TASK DIRECTIONS: The answer consists of the lines from the line holding "華やかなタイルで物語のような空間に" through the last line of the entries, retyped exactly, and nothing else. No pictures belong in it.
◆ ◆ ◆ ◆ ◆
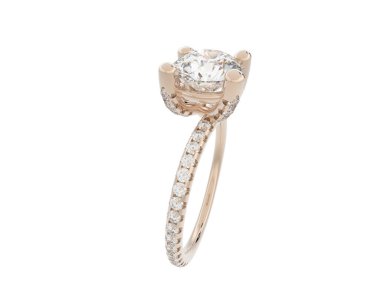 Beyaz arka planda izole edilmiş değerli taşları olan yüzük.. 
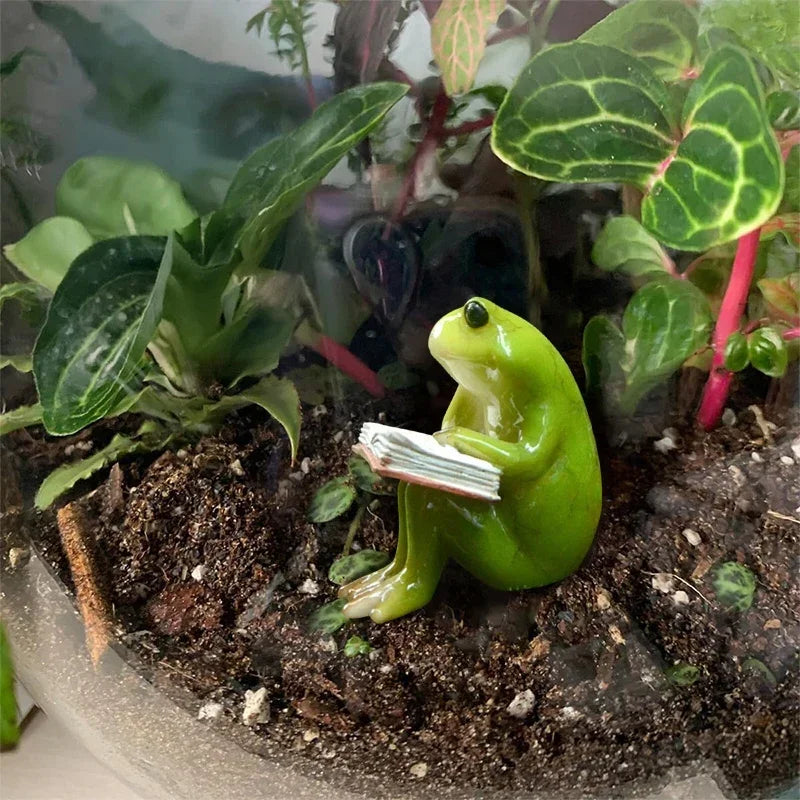 Figurka Żaba Czytelnik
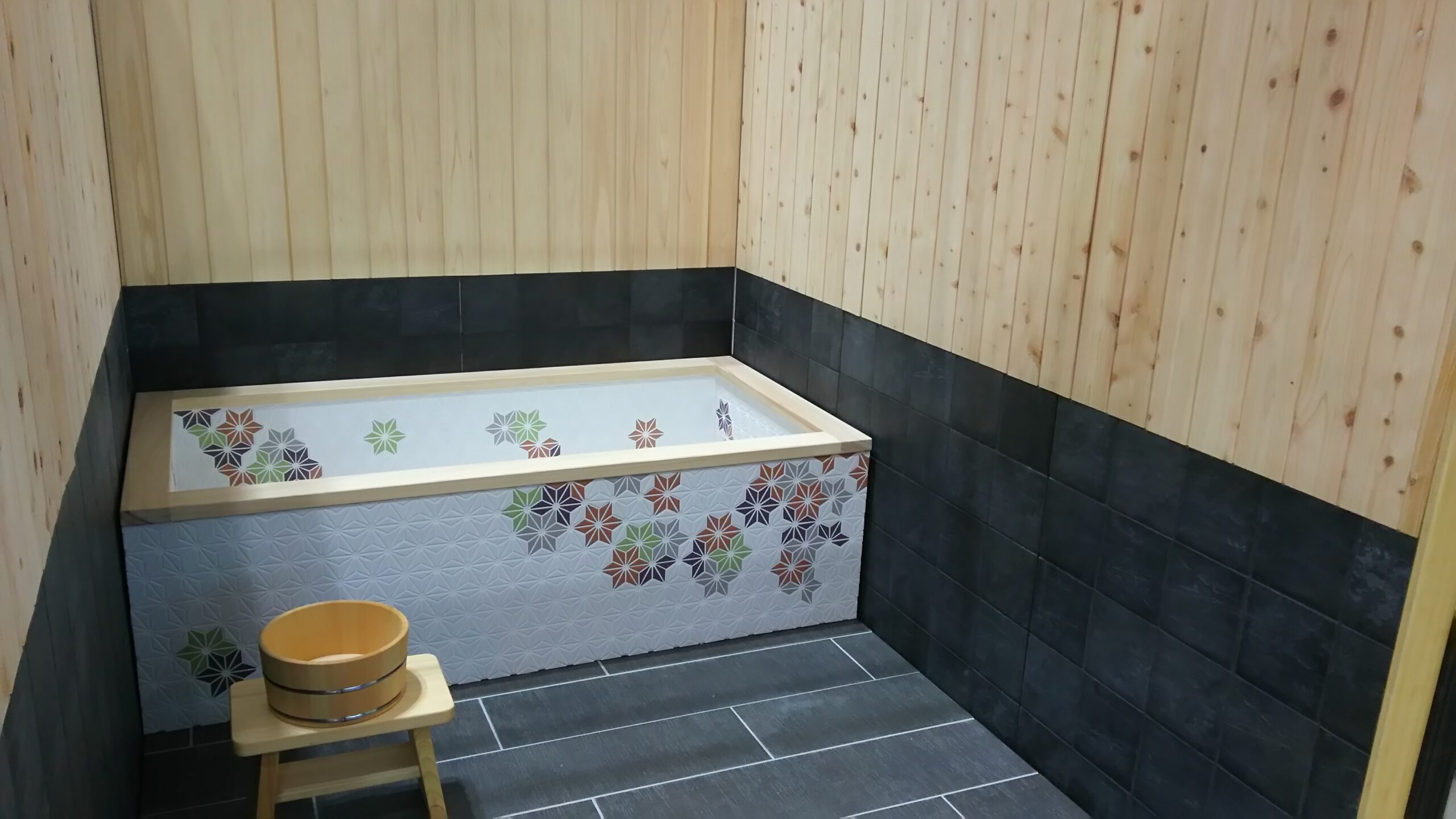 華やかなタイルで物語のような空間に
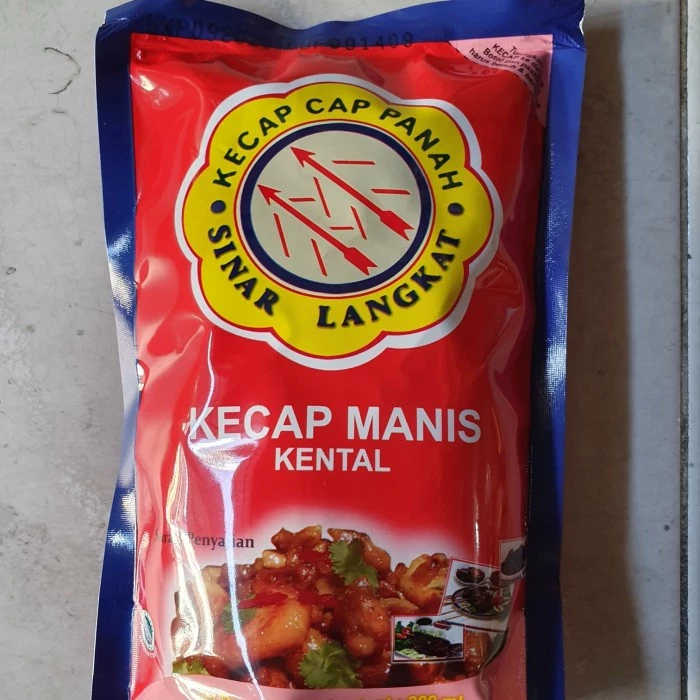 

Kecap Manis 600 ml refill isi ulang cap panah sinar langkat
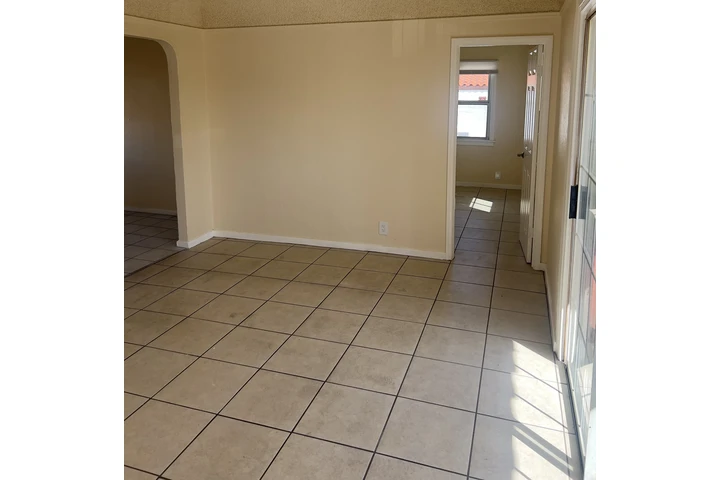 $1800 : One bedroom One bathroom 90280 image 6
◆ ◆ ◆ ◆ ◆
RESULT OF THIS EXERCISE:
 華やかなタイルで物語のような空間に

Kecap Manis 600 ml refill isi ulang cap panah sinar langkat
 $1800 : One bedroom One bathroom 90280 image 6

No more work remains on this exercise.